L’essere umano racconta storie da sempre, è un nostro tratto ancestrale che continuiamo a riproporre nel mondo moderno perché non possiamo farne a meno. Scrivendo racconti ai bambini possiamo insegnare loro molto, ma questo non significa spaventarli o minacciarli; le fiabe possono semplicemente divertire e allo stesso tempo educare all’essere creativi, dote fondamentale per tutti noi che viene
apprezzata in particolar modo da Gianni Rodari in Grammatica della Fantasia (Einaudi Ragazzi):

“Le fiabe servono alla matematica come la matematica serve alle fiabe. Servono alla poesia, alla musica, all’utopia, all’impegno politico: insomma all’uomo intero e non solo al fantasticatore. […] Se una società basata sul mito della produttività (e sulla realtà del profitto) ha bisogno di uomini a metà- fedeli esecutori, diligenti riproduttori, docili strumenti senza volontà- vuol dire che è fatta male e bisogna cambiarla. Per cambiarla, occorrono uomini creativi, che sappiano usare la loro immaginazione”.

La creatività è stata anche per Beatrix un’ancora di salvezza, un biglietto per la propria libertà. Molte altre donne come lei si sono espresse proprio attraverso l’arte per ottenere la meritata indipendenza; peraltro una delle tematiche fondamentali trattate da Virginia Woolf in Una stanza tutta per sé (Feltrinelli):

“Una donna deve avere soldi e una stanza tutta per sé per poter scrivere.”

Del potere, anche terapeutico, della creatività ne parla poi anche Pinkola Estés nel suo Donne che corrono coi lupi (Frassinelli) dicendo:

“La creatività è multiforme. Ora assume una forma, ora un’altra. […] Alcuni dicono che la vita creativa sta nelle idee, altri dicono che sta nei fatti. In molti casi pare trovarsi nel semplice essere, è
l’amore per qualcosa. Non importa se per una persona, una parola, un’immagine, un’idea, la terra o l’umanità. La capacità creativa è il bene più prezioso della donna perché dona all’esterno e la nutre
all’interno, ad ogni livello psichico e mentale, emotivo ed economico”

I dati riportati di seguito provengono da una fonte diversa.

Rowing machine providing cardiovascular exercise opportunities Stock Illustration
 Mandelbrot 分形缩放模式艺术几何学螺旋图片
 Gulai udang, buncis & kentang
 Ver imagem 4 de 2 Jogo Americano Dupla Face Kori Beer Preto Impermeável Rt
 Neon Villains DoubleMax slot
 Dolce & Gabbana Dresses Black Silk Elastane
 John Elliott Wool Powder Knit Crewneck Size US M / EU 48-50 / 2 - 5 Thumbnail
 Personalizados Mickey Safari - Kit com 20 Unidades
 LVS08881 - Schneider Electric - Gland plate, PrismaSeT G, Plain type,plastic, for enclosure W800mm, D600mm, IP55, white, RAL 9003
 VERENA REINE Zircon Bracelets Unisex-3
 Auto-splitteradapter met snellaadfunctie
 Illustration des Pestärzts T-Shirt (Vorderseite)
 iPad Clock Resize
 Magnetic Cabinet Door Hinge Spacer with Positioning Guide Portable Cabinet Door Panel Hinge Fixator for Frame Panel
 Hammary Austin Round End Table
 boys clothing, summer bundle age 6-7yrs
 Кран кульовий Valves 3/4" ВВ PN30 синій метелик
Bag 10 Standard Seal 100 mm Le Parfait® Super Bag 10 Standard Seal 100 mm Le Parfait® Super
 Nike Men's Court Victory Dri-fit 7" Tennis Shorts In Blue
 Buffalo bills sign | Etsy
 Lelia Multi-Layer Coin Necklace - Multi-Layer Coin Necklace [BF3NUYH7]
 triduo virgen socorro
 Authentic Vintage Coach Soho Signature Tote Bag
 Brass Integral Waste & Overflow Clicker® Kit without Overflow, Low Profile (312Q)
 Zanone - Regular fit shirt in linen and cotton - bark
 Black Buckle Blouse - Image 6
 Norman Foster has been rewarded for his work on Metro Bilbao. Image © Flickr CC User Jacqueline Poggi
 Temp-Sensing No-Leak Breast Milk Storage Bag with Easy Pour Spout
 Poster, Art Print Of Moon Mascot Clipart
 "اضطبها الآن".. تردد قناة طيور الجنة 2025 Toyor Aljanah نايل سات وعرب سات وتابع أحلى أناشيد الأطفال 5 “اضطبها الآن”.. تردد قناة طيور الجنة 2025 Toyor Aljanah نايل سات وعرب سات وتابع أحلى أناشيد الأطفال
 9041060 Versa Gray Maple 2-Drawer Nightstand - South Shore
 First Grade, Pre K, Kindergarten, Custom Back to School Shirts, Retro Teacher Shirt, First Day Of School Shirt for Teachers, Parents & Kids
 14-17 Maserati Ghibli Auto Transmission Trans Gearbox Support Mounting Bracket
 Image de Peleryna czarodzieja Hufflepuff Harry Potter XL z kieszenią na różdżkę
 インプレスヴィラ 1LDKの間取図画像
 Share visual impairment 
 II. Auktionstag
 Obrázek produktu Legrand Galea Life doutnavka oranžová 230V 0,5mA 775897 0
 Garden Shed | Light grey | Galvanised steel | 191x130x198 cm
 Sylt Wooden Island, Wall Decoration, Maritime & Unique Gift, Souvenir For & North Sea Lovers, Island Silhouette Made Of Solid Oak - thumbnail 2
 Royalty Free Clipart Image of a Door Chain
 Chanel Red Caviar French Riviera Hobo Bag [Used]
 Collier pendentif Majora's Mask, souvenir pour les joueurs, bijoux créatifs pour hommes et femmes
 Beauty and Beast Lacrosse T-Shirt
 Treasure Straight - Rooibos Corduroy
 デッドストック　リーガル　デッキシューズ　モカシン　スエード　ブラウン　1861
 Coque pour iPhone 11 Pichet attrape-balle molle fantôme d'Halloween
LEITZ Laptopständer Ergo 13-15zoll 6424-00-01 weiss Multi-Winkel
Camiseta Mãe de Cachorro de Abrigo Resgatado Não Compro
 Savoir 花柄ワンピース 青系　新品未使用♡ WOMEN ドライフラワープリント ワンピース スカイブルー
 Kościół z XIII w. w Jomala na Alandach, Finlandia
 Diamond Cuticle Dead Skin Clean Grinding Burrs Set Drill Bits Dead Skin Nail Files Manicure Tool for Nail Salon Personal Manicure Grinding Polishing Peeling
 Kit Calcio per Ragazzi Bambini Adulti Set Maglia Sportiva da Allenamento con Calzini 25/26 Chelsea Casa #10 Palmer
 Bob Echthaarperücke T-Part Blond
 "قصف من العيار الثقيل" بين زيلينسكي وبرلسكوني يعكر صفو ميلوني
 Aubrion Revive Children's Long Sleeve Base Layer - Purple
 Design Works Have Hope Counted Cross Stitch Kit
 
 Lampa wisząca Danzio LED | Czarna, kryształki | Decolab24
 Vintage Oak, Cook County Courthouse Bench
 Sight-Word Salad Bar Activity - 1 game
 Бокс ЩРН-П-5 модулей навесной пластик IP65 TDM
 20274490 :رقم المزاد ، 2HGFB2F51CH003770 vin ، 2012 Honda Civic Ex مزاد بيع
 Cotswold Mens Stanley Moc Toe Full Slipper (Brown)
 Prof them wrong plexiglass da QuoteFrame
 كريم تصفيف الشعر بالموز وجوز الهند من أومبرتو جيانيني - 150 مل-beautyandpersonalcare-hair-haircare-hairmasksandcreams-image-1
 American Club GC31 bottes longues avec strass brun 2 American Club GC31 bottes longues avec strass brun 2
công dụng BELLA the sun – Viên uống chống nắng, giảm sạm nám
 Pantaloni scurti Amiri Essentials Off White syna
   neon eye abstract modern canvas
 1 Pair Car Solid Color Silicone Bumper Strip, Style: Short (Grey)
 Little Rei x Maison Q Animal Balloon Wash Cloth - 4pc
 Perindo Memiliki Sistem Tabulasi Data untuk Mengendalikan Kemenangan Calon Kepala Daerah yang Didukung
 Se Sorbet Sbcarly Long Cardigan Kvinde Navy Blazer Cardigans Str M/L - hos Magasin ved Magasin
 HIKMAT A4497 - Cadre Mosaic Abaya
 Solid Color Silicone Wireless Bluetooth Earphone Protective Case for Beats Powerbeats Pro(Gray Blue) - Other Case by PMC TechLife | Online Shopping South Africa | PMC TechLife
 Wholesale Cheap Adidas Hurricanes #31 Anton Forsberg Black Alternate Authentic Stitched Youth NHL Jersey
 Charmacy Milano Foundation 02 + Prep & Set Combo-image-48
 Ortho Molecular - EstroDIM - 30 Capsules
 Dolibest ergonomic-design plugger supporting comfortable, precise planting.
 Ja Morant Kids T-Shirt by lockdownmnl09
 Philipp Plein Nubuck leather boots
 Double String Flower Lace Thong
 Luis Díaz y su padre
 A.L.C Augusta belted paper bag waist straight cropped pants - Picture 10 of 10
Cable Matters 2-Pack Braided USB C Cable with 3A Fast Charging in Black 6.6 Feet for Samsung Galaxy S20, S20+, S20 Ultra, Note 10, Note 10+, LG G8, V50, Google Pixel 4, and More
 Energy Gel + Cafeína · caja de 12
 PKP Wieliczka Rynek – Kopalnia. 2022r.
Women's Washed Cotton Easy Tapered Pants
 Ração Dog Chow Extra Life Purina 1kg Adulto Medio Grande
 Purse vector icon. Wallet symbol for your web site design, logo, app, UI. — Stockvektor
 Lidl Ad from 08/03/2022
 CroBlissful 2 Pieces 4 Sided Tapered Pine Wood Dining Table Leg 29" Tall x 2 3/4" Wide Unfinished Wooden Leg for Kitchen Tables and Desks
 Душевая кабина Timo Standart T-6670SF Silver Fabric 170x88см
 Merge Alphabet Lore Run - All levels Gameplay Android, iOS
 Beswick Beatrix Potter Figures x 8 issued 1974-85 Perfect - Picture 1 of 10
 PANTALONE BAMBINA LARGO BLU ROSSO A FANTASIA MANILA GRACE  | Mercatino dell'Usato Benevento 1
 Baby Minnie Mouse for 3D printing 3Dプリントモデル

Una vita di amore per la natura

Beatrix Potter era una donna semplice ma perspicace, ha saputo creare un universo intriso del suo amore per la natura, popolando i suoi racconti di personaggi dai sentimenti puri che non smettono di
affascinare il lettore moderno. Molte delle storie sono legate tra loro andando a sottolineare ancora di più come per lei facessero tutti quanti parte di un unico mondo, il suo luogo del cuore.

La sua anatra Jemima ha fatto emozionare e divertire un vasto pubblico prima che Paperino esistesse, e ancora oggi le visite alla sua residenza sono frequenti. La sua resilienza e versatilità sono evidenti
anche nelle sue vicende private come quando decise di comprare una proprietà nel Lake District, a Hill Top Farm dove conobbe stabilità economica ed affettiva: si sposò a quarantasette anni, dopo
che il suo primo amore morì prima ancora della celebrazione del matrimonio ed acquistò una fattoria nella quale divenne una dei più importanti allevatori di ovini nella contea. Ed è proprio a Hill Top farm, l’ultimo luogo in cui vive, che ambienta The Fairy Caravan uno dei libri che, insieme al postumo Kitty in Boots, si distacca dallo stile dei suoi little books precedenti rendendoli entrambi interessanti.